Web page caption snippets:
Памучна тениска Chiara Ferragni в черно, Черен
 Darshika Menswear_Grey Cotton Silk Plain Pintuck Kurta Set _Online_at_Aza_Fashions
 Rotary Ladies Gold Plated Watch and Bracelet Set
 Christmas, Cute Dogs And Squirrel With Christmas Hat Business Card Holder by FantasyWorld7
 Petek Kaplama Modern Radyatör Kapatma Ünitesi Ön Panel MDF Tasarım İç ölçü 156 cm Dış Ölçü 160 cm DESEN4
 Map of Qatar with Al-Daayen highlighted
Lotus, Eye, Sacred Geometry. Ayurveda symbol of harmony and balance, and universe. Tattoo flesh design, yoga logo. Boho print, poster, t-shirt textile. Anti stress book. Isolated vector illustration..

-- What you need to do --
All of the data above needs to be written out again, exactly.

-- Problem solution --
Памучна тениска Chiara Ferragni в черно, Черен
 Darshika Menswear_Grey Cotton Silk Plain Pintuck Kurta Set _Online_at_Aza_Fashions
 Rotary Ladies Gold Plated Watch and Bracelet Set
 Christmas, Cute Dogs And Squirrel With Christmas Hat Business Card Holder by FantasyWorld7
 Petek Kaplama Modern Radyatör Kapatma Ünitesi Ön Panel MDF Tasarım İç ölçü 156 cm Dış Ölçü 160 cm DESEN4
 Map of Qatar with Al-Daayen highlighted
Lotus, Eye, Sacred Geometry. Ayurveda symbol of harmony and balance, and universe. Tattoo flesh design, yoga logo. Boho print, poster, t-shirt textile. Anti stress book. Isolated vector illustration..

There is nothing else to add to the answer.